Go through the listing below and retype exactly the lines starting at the one with "System + FREE Shipping" and ending at the one with "Freeland Woodworks —", skipping pictures.
[TASK INPUTS Boundary: Start]
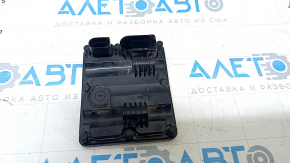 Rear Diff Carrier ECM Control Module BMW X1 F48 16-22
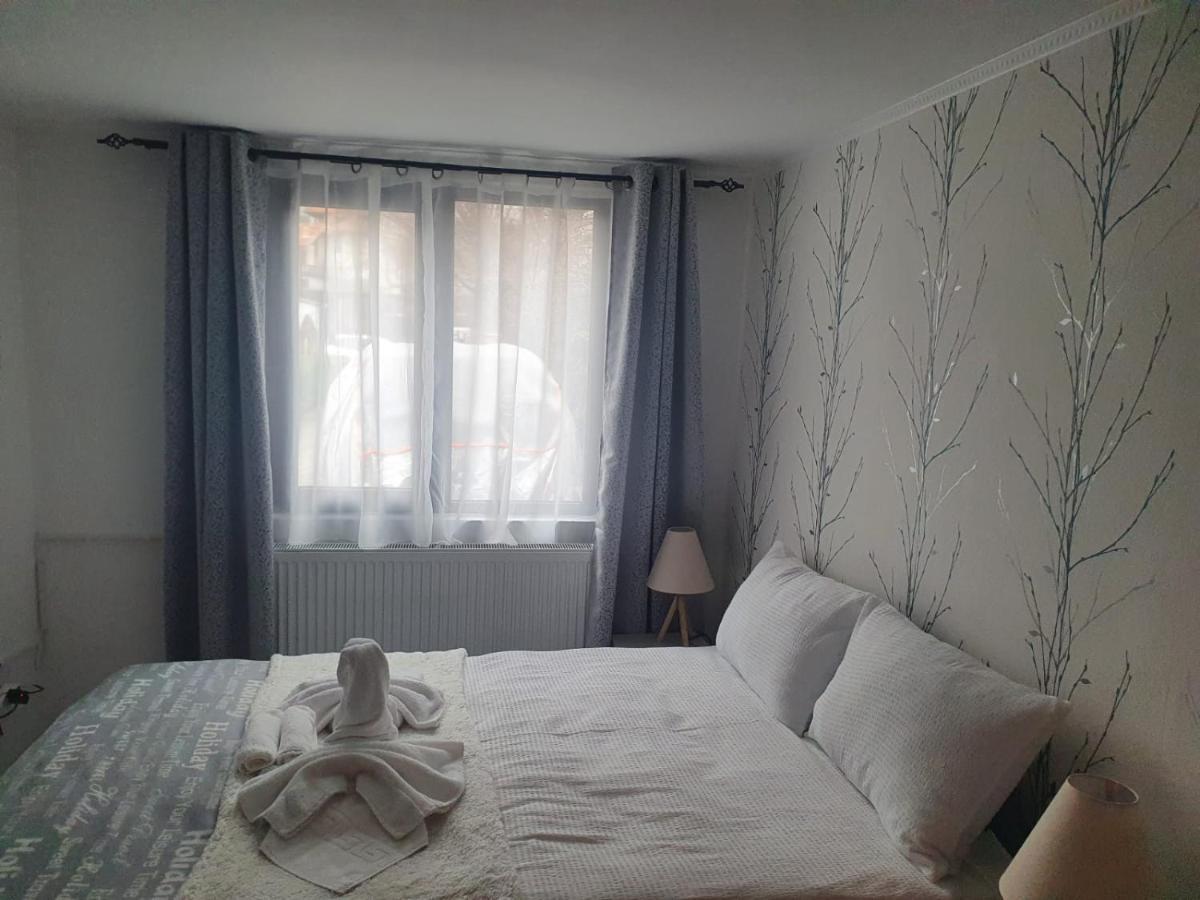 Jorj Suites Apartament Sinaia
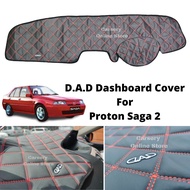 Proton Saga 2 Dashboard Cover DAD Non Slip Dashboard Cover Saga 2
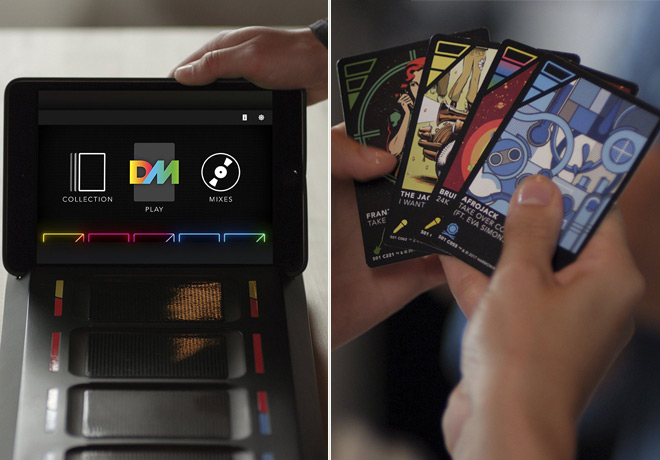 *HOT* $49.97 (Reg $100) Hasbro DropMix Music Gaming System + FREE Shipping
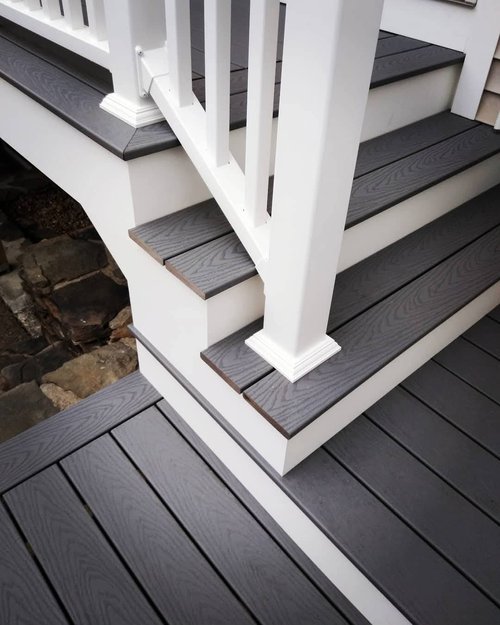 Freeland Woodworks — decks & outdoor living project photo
[TASK INPUTS Boundary: End]
[TASK INPUTS Boundary: Start]
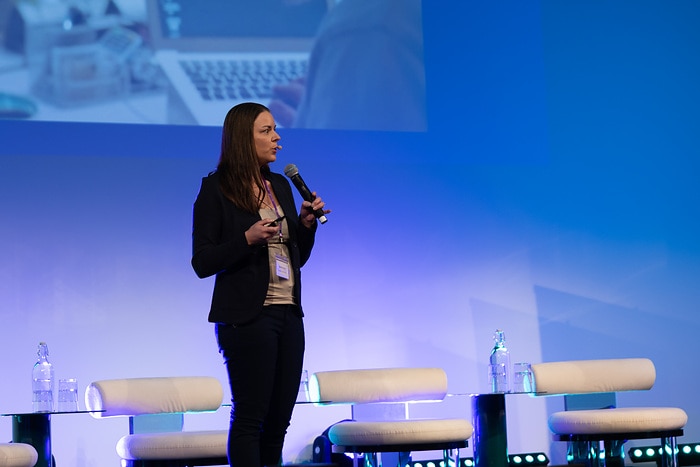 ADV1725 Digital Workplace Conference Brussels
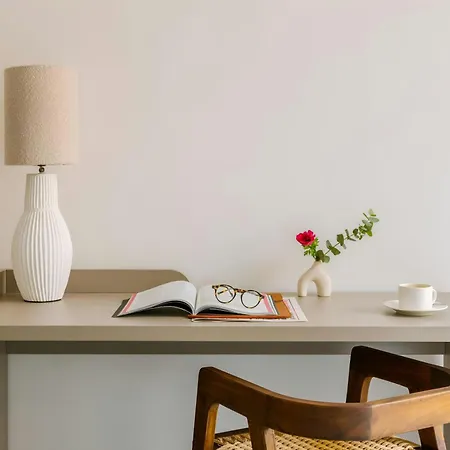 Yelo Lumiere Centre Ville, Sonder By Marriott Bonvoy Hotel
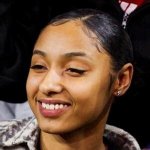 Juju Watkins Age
[TASK INPUTS Boundary: End]
#### SOLUTION BELOW
 *HOT* $49.97 (Reg $100) Hasbro DropMix Music Gaming System + FREE Shipping
 Freeland Woodworks — decks & outdoor living project photo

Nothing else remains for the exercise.